Notable works on the INA in the visual and electronic media include
- The War of The Springing Tiger (1984)- made by Granada Television for Channel 4. It examines the role of the Indian National Army during the Second World War. The documentary focuses on a number of aspects, including why the PoWs chose to join the INA, its role in the Burma and Imphal Campaign, as well as exploring its role in the independence movement. The documentary took contributions from Lakshmi and Prem Sahgal.

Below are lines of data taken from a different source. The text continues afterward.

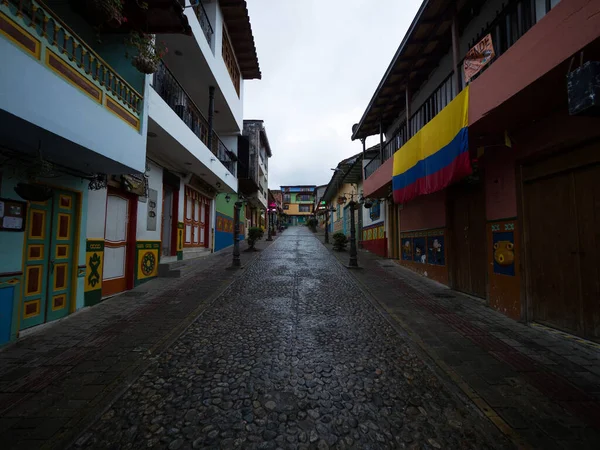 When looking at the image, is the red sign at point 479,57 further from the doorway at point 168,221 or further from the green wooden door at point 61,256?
the doorway at point 168,221

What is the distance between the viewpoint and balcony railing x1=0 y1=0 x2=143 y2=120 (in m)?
3.23

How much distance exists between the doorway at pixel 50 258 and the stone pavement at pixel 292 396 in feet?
8.62

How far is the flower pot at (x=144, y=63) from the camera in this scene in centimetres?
495

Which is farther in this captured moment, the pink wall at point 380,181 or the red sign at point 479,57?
the pink wall at point 380,181

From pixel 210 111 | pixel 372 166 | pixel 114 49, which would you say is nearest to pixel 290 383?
pixel 114 49

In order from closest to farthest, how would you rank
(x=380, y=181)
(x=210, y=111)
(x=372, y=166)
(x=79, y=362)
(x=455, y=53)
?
(x=79, y=362) → (x=455, y=53) → (x=380, y=181) → (x=210, y=111) → (x=372, y=166)

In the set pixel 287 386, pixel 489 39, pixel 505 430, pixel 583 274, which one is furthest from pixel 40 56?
pixel 583 274

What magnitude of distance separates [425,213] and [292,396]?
7721mm

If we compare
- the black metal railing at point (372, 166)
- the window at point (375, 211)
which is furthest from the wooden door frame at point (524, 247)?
the window at point (375, 211)

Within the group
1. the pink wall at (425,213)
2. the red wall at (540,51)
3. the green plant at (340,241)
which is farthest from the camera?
the green plant at (340,241)

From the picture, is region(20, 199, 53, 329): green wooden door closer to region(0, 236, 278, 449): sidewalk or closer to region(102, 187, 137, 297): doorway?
region(0, 236, 278, 449): sidewalk

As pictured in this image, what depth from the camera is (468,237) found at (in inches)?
268

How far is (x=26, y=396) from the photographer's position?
8.89ft

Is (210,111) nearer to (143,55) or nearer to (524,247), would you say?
(143,55) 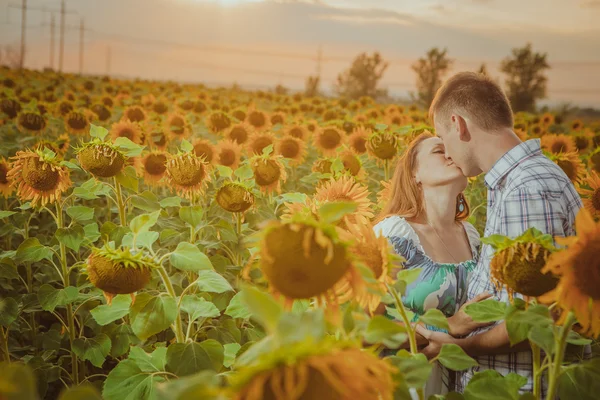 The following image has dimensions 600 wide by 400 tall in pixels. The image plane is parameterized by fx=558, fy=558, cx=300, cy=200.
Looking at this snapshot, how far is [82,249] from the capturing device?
427cm

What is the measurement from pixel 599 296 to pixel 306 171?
4.40 metres

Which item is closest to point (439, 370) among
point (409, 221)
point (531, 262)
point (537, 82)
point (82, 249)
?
point (409, 221)

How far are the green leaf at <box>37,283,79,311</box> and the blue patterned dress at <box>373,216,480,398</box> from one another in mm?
1425

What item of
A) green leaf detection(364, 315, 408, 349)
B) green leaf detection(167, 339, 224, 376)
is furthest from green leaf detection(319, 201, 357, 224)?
green leaf detection(167, 339, 224, 376)

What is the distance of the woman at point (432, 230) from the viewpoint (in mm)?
2170

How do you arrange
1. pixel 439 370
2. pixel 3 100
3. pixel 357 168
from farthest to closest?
pixel 3 100 < pixel 357 168 < pixel 439 370

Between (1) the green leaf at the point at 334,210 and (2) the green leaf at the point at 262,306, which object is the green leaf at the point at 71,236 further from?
(2) the green leaf at the point at 262,306

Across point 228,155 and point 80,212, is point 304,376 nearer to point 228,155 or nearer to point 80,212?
point 80,212

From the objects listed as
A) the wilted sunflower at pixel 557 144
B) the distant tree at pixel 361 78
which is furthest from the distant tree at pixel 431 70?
the wilted sunflower at pixel 557 144

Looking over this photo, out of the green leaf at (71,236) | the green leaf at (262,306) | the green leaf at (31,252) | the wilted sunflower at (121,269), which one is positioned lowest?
the green leaf at (31,252)

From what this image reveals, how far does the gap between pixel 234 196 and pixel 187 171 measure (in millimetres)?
379

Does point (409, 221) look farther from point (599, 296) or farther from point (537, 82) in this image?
point (537, 82)

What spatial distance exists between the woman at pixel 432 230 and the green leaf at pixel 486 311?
3.06 ft

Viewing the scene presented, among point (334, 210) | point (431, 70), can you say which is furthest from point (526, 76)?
point (334, 210) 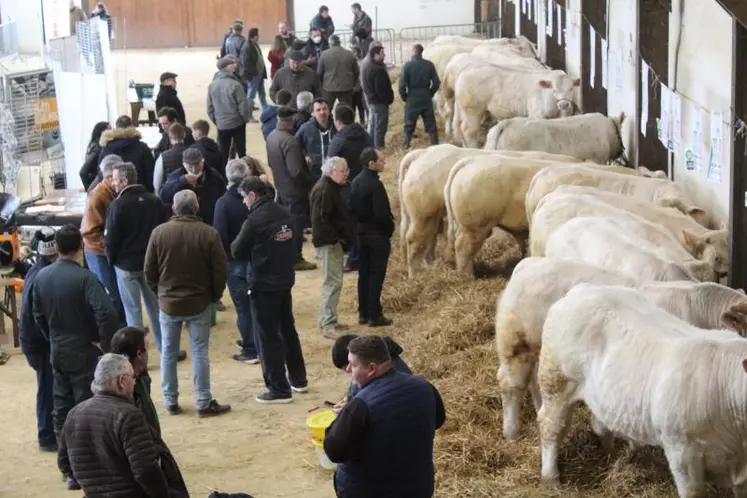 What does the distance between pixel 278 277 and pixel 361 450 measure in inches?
156

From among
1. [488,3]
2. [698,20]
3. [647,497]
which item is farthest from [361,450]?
[488,3]

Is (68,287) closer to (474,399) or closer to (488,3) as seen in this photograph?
(474,399)

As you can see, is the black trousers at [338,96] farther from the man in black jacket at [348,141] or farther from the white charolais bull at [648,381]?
the white charolais bull at [648,381]

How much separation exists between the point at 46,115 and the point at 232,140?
248 centimetres

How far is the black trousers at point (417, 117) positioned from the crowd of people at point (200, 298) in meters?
3.88

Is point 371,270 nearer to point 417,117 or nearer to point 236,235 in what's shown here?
point 236,235

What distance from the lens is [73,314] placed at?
8641 mm

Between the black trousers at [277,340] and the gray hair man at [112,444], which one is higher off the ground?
the gray hair man at [112,444]

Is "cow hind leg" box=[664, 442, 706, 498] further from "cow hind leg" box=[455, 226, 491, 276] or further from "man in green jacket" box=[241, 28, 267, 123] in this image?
"man in green jacket" box=[241, 28, 267, 123]

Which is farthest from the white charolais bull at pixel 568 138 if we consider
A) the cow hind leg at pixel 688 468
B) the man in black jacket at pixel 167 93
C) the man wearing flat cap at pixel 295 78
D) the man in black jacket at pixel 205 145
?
the cow hind leg at pixel 688 468

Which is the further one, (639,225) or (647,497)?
(639,225)

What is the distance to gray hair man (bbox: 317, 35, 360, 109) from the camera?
19.1 m

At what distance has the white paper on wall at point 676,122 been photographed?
12.3 metres

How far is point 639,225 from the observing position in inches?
392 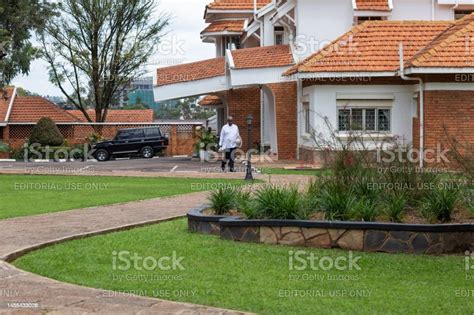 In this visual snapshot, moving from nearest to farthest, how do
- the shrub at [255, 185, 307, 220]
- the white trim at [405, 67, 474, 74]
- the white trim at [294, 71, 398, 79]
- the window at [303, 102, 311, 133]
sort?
the shrub at [255, 185, 307, 220], the white trim at [405, 67, 474, 74], the white trim at [294, 71, 398, 79], the window at [303, 102, 311, 133]

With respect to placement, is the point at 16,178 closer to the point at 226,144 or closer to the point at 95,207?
the point at 226,144

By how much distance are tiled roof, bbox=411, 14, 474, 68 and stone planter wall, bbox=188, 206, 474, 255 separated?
46.4 ft

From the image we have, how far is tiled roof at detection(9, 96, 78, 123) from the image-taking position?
4712 cm

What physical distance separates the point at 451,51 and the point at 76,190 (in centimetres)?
1215

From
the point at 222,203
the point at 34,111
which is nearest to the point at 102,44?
the point at 34,111

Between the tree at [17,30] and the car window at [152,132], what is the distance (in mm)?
12455

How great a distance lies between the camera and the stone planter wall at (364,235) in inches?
417

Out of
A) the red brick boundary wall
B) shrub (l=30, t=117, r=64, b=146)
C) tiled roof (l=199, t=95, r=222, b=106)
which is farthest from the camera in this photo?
the red brick boundary wall

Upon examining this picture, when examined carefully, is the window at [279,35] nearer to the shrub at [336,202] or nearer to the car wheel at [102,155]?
the car wheel at [102,155]

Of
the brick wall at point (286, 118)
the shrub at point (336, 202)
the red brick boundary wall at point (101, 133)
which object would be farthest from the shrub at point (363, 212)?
the red brick boundary wall at point (101, 133)

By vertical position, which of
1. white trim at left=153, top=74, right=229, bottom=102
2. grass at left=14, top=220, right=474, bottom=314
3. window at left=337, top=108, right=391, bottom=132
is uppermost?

- The Forgotten Army- (1999)- Film India. This was a documentary directed by Kabir Khan and produced by Akhil Bakshi following their famous Azad Hind Expedition in 1994–95. The expedition retraced the route taken by the troops of the INA from Singapore to Imphal and ends at Red Fort, where the famous trial of the officers were held. The expedition team had among its members Col G.S. Dhillon who himself was one of the famous accused in the first trial, Captain Lakshmi Sahgal, who commanded the Rani of Jhansi Regiment and was also the minister in Charge of Women's affairs in the Azad Hind Govt and Captain S.S. Yadava, an INA veteran and once the general secretary of All India INA Committee, as well as prominent members of the Indian Parliament. The expedition met, and honoured, a number of INA veterans residing in South East Asia. The then Indian Prime Minister PV Narasimha Rao sent through the expedition team goodwill messages to the heads of state of the countries it went through. The documentary went on to win the Grand Jury Prize at the Film South Asia festival in 1999.

- Hitler's secret Indian army (2004)-BBC- By Mike Thomson. This traces briefly the story of Bose's Azad Hind Legion in Europe, but does not attempt to distinguish or explain the differences between the Legion and the INA.

- Bose: Dead/Alive (2018) - An 8 episode web series based on the life of Subhas Chandra Bose released on Video on demand platform ALTBalaji. In this series the character of Bose is played by Rajkummar Rao.

- Historical Journey of the Indian National Army- From the National Archives of Singapore.
- Indian National Army in East Asia-Hindustan Times.

==Cinema==

INA has also been the source of or a significant context of a number of movies in a number of Indian languages. Notable amongst these include
- Pahla Admi, a 1950 film by Bimal Roy and INA veteran Nazir Ahmed.
- Samadhi, a 1950 Hindi film by Ramesh Saigal. The movie was a fictional drama set in Singapore around the time the second INA was rising. The lead character of Shekhar, played by Ashok Kumar, is a young recruit to the INA.
- Indian, a 1996 Tamil film directed by S. Shankar. The plot describes one of the main character, Senapathy, as an ex-soldier in the INA.
- Netaji: The Forgotten Hero, a 2004 movie by Shyam Benegal, traces the last five years of Subhas Chandra Bose, who was the Supreme Commander of the second INA and was instrumental in reorganising it. The film describes the story of the INA but focuses on its leader. The film was also widely noted for A R Rahman's music.
- Rangoon (2017) - A historical film directed by Vishal Bhardwaj revolves around the story of INA.
- Raag Desh (2017) - A film directed by Tigmanshu Dhulia and produced by Rajya Sabha TV was released in 2017. The film is based on Indian National Army trials, the joint court martial of Indian National Army officers Colonel Prem Sehgal, Colonel Gurbaksh Singh Dhillon, Major Shah Nawaz Khan.
- The Forgotten Army - Azaadi Ke Liye (2020), is a six-episode web television series which premiered on Amazon Prime Video on 24 January 2020. The series is directed by Kabir Khan, the series is based on true events about the men and women in the Indian National Army (INA) led by Subhash Chandra Bose.

== Music ==
- In music, Qadam Qadam Badhaye Ja..., the INA's marching song, has since become a famous patriotic song in India. Today, it is in use as the Regimental quick march of the Indian Army as well as its Para Regiments. The music was composed by Ram Singh Thakuri, from whose composition was later derived the tune for India's national anthem Jana Gana Mana.

Other mentions of the INA in popular culture abound through India, including
- The Azad Hind Fauj Marg, in New Delhi, is named after the INA, and houses the Netaji Subhas University of Technology named after Netaji Subhas Chandra Bose.